= Blitz campaign =

Short and intensive marketing campaign

In the world of marketing, a blitz campaign is a very short, intensive, and focused marketing campaign for a product or business. A blitz campaign is a marketing strategy designed to promote a product or a business quickly through the use of mass media; it is also called a "marketing blitz," a " time-based marketing campaign," and "intensive marketing." The idea behind a marketing blitz campaign is to have as many people see the business or product often in a short time. Typically, blitz campaigns are geared toward local business and not a more widespread audience. It can also be called a heavy-up.

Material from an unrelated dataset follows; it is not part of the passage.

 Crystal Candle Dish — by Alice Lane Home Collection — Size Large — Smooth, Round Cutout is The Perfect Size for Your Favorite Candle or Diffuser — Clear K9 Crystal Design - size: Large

Blitz campaigns use various mass media outlets, specifically the internet, to deliver information about a product or business quickly to a local audience. One of the most common ways to complete a blitz campaign is to use search engines. A blitz campaign will often utilize a lot from search engine marketing, including search engine optimization (SEO) and the use of contextual advertising. E-mail is another method of delivering product or business information during a blitz campaign.

Marketing blitz campaigns can also feature the use of print mediums such as brochures, newspaper ads, magazine features, and coupons.

==Advantages==
Blitz campaigns help unknown businesses and products become better known to a specific audience through the use of persistent media exposure. Blitz campaigns can be used for seasonal content.

The time interval of a blitz campaign is also advantageous. A concentrated campaign for a short period of time means very fast, very direct results. Longer campaigns may drag out results and bore the intended audience.

==Disadvantages==
A blitz campaign has several advantages but there are also some limitations to what such a marketing campaign can do. One of the advantages of the blitz campaign—that is so direct and local to an area—can also hinder its performance spread out further from the campaign’s heart.

==Successful marketing blitzes==
In recent years, there have been several successful marketing blitzes, primarily from computer companies and video game companies. One such blitz came from Microsoft in 2009 for its Halo 3 game. Microsoft planned on using online, print, and television media to bring attention to the game. Another successful blitz comes from McDonald's for their McCafé coffee drinks. McDonald's used several media outlets and coupon booklets to promote their coffee beverages. Google also embarked on a marketing blitz for the Nexus One phone. This product had its own YouTube channel and was also present in Google web pages.